Lectura de Un Mundo Feliz de Huxley en tiempos de crisis

Reseña del libro Un Mundo feliz de Huxley

Esta es una lectura revisada y reseña del libro Un Mundo Feliz de Aldous Huxley. Leer este libro en el siglo XXI, cuando la palabra “crisis” se ha vuelto tan común, es interesante porque nos permite pensar críticamente para dónde vamos como sociedad. A Brave New World, título original en inglés, expresa un sentido ligeramente diferente que su traducción al español. Esta novela visionaria fue publicada en Londres 1932, solo unos años después de la primera gran crisis económica de 1929, época en la que el fascismo avanzaba en Europa y la gente aún recordaba la tragedia de la primera gran guerra. Para entonces ya existía una percepción social de lo que significaban las hambrunas y las crisis económicas.

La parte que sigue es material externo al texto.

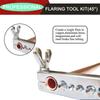 Copper Tube Expander 45 Degree Flaring Tool Kit of Copper Tube Expander Used for Reaming Copper Tubes and Other Pipes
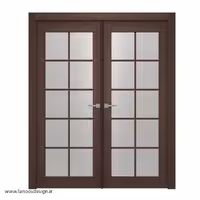 درب نشیمن دو لنگه با شیشه مشجر کد 1147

Por otro lado, el “fordismo” estaba en marcha y la producción en masa ya era una realidad cotidiana. En el mundo del arte el surrealismo y el dadaísmo daban de qué hablar y celebraban el papel del inconsciente en la creatividad. Solo un par de años antes Freud había publicado “El Malestar en la Cultura”. En esa época en Europa los partidos fascistas sembraban los sentimientos nacionales que llevaron unos años más tarde a la Segunda Guerra mundial.

¿Cómo se habrá leído este libro durante esos años? Es sin duda una novela visionaria y terrorífica ¿Se habrá leído con terror y miedo? ¿Acaso con esperanza?

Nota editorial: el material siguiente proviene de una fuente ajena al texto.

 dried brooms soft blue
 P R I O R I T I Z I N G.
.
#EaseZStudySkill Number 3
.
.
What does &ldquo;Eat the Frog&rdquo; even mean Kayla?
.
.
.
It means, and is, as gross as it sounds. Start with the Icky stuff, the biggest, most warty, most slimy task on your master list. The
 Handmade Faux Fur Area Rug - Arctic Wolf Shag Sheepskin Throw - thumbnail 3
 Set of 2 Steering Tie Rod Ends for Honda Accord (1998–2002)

En la edición que leí, Huxley escribe un prólogo simpático acerca de la creación literaria vista en retrospectiva, dice: “…arrepentirse de los errores literarios cometidos hace 20 años, intentar enmendar una obra fallida para darle la perfección que no logró en su primera ejecución… es vano y fútil” (p. 9) “…hubiese soslayado no sólo algunas de las faltas de la obra, sino también algunos de los méritos que poseyera originalmente” (p. 10).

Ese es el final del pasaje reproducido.